It was the universal belief that immediately after death the soul
descended into a lower world, and was conducted to the Hall of Truth
(or, 'of the Two Truths'), where it was judged in the presence of
Osiris and the forty-two demons, the 'Lords of Truth' and judges of the
dead. Anubis, 'the director of the weight,' brought forth a pair of
scales, and, placing on one scale a figure or emblem of Truth, set on
the other a vase containing the good actions of the deceased; Thoth
standing by the while, with a tablet in his hand, whereon to record the
result. According to the side on which the balance inclined, Osiris
delivered the sentence. If the good deeds preponderated, the blessed
soul was allowed to enter the 'boat of the sun,' and was conducted by
good spirits to Aahlu (Elysium), to the 'pools of peace,' and the
dwelling place of Osiris.... The good soul, having first been freed
from its infirmities by passing through the basin of purgatorial fire,
guarded by the four ape-faced genii, and then made the companion of
Osiris three thousand years, returned from Amenti, re-entered its
former body, rose from the dead, and lived once more a human life upon
earth. This process was reiterated until a certain mystic cycle of
years became complete, when finally the good and blessed attained the
crowning joy of union with God, being absorbed into the Divine Essence,
and thus attaining the true end and full perfection of their being."
[1]

[Footnote 1: "History of Ancient Egypt," George Rawlinson, Vol.

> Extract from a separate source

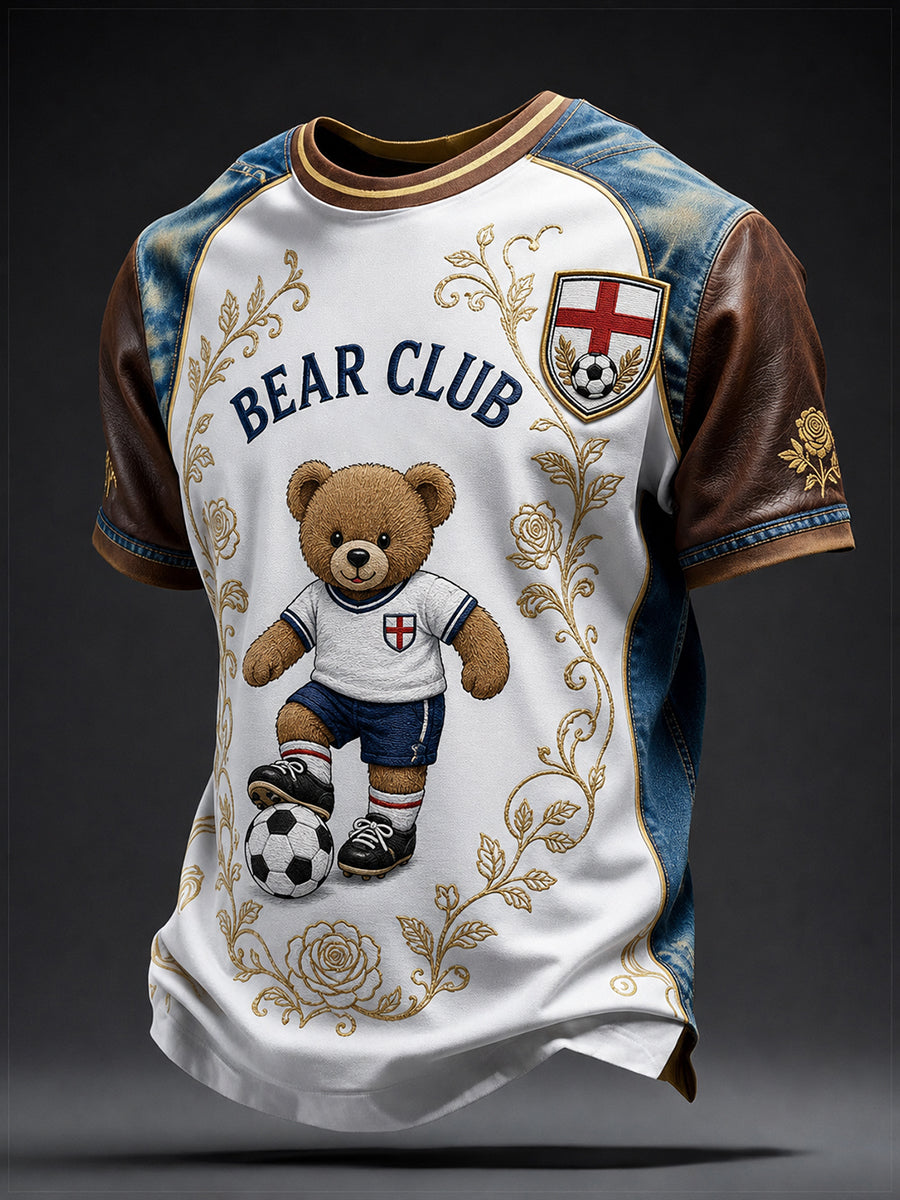 Vintage British Paddington Bear Soccer Art Print Casual T-Shirt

I., pp.
327-329.]

It may be remarked that all systems of religion which held the doctrine
of metempsychosis, or the transmigration of souls, should be considered
as believing in a middle state of purgation, since they maintained the
necessity of the soul's further purification, after death, before it
was permitted to enter into its final rest.

In the ever-varying phases through which Buddhism, the religion of all
South-eastern Asia, has passed in its protracted existence, it is
difficult to determine with any degree of certainty, precisely what its
disciples hold; but the belief in metempsychosis, which is one of its
fundamental doctrines, must permit us to range it on the side of those
who hold to the idea of a middle state. Certain it is, they believe
that the soul, by a series of new births, becomes, in process of time,
better fitted for the final state in which it is destined for ever to
remain. The same may be said of the religion of the great body of the
Chinese; for, although they have their law-giver Confucius, their
religion at present, as far as it merits the name, appears to be no
more than a certain form of Buddhism.

Coming to the more western nations of Asia, we may remark that, as
their religions were evidently a corruption of primitive revelation,
less removed in point of time, they must, although they had already
become idolatrous, have embodied the idea of a future state of
purgation, notwithstanding that it is impossible to determine at this
distant day, the exact nature of their doctrines. If, however, we turn
from these to the doctrine of Zoroaster, our means of forming an
opinion are more ample.

Zoroaster, or, more correctly, Zarathustra, the founder of the Persian
religion, was born, according to some accounts, in the sixth century
before our era, while others claim for him an antiquity dating at least
from the thirteenth century before Christ. Be that as it may--and it
does not concern us to inquire into it--this much is certain: he was a
firm believer in a middle state, and he transmitted the same to his
followers. But, going a step further than some, he taught that the
souls undergoing purification are helped by the prayers of their
friends upon earth. "The Zoroastrians," says Mr. Rawlinson, "were
devout believers in the immortality of the soul and a conscious future
existence. They taught that immediately after death the souls of men,
both good and bad, proceeded together along an appointed path, to 'the
bridge of the gatherer.' This was a narrow road conducting to heaven or
paradise, over which the souls of the pious alone could pass, while the
wicked fell from it into the gulf below, where they found themselves in
the place of punishment. The good soul was assisted across the bridge
by the Angel Serosh--'the happy, well-formed, swift, tall Serosh'--who
met the weary wayfarer, and sustained his steps as he effected the
difficult passage. The prayers of his friends in this world were of
much avail to the deceased, and greatly helped him on his journey." [1]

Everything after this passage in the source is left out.